Dominique
Travelling, geografia e moral
Por Vitor Velloso
Durante o Festival de Gramado de 2020
O Brasil segue retratando suas histórias a partir de suas bases, de uma sociedade que não difere tanto do atual ocupante da cadeira no Planalto. Aliás, não podemos esquecer que o país segue sendo o recordista de assassinatos de travestis e pessoas trans no mundo. “Dominique” é consciente às bases nacionais ao ser construído através das narrativas de sua protagonista, em visita à mãe, no interior do Pará.
No filme de Tatiana Issa e Guto Barra, a câmera está sempre procurando Dominique, acompanha pelas ruas e mantém a dialética em organicidade simultânea da imagem e do som. A voz em off constrói a narrativa de brutalidade que está enraizada na História deste país, comenta sobre a violência que sofria/sofre da sociedade e das agressões constantes dos policiais.

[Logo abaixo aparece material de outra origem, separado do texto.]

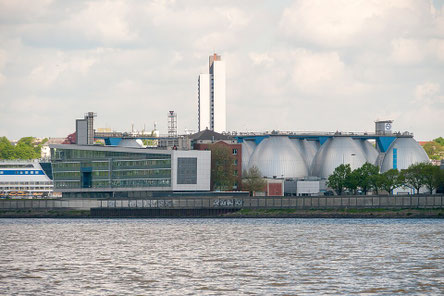 Faulbehälter des Klärwerks am Köhlbrandhöft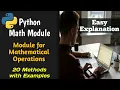 - Math Module Python Math Module Python Modules Python Tutorial Python Tutorial in Hindi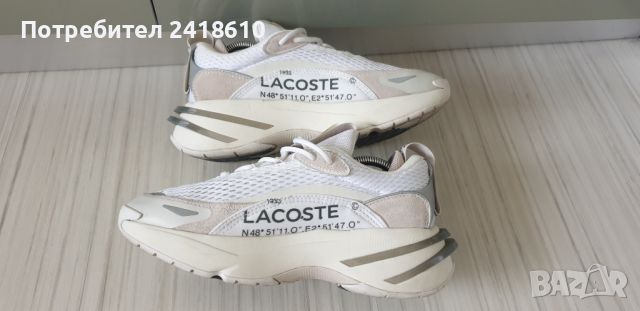 Lacoste Sneakers Mens Size 40.5 /- 26см UK 7 US 8 ОРИГИНАЛ! Мъжки сникърси!, снимка 7 - Кецове - 45636515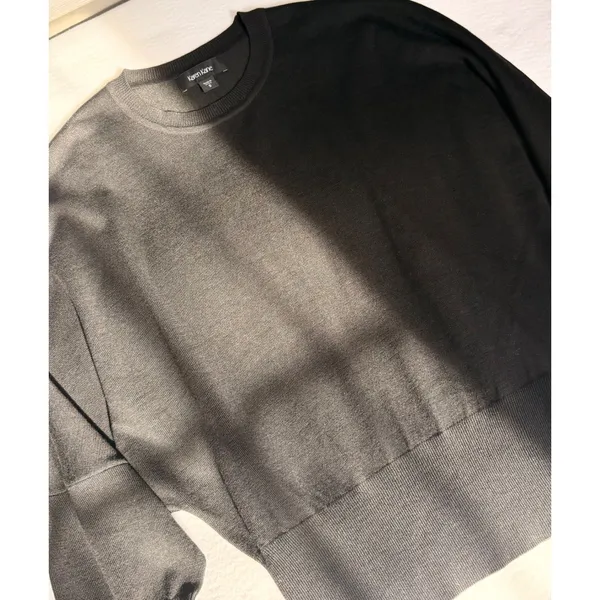 NWT Karen Kane Black Rosy Rebel Dolman Sleeve Sweater Sz S Relaxed Fit Crew Neck - Image 5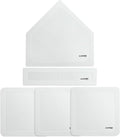 Cannon Sports Throwdown Base Set - 5pc Durable Rubber Bases for Baseball & Softball | Indoor/Outdoor Use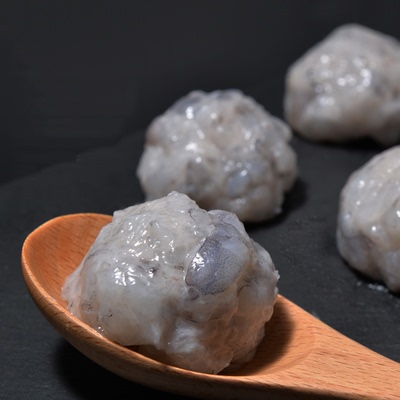 嘉曜青虾滑即食火锅店家庭常用手打纯虾滑青大虾火锅食材配菜袋装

Além dos dados já conhecidos sobre as possibilidades de emprego de travestis, que quase zero, força a prostituição pela sobrevivência.
Nessa base, “Dominique” é muito versátil em conciliar o tempo de entrevista, a narração em off, as imagens que apoiam sem perder sua particularidade, o retrato de um Pará que se aproxima do solo, percorre um caminho e chega à uma ilha na foz do rio Amazonas. É cinema-antropológico, porque se despe de questões exteriores, mergulha em sua história, compreende através da base, concebe um tom tradicional ao recorrer à oralidade, uma recusa de apresentação expositiva de imagem de arquivo. É cinema-geográfico porque se estrutura em torno de um Pará múltiplo, multifacetado, plural.
Mas não cai na mera apresentação dessas questões, permite a externalização cultural, através da narração, de uma violência conhecida pelo povo brasileiro, no caso do Sudeste, SP. E são essas características que se somam diante da imagem, que apenas torna o processo aditivo na construção. Assim, “Dominique” é um filme que não é apenas importante para a compreensão do Brasil, como é absolutamente consciente da estética e da sociologia que mira, e acerta de forma cirúrgica. É o cinema do ato, as imagens de arquivo são apresentadas pelas personagens, as falas são suficientes e a narrativa não recusa seus dispositivos para alcançar os objetivos.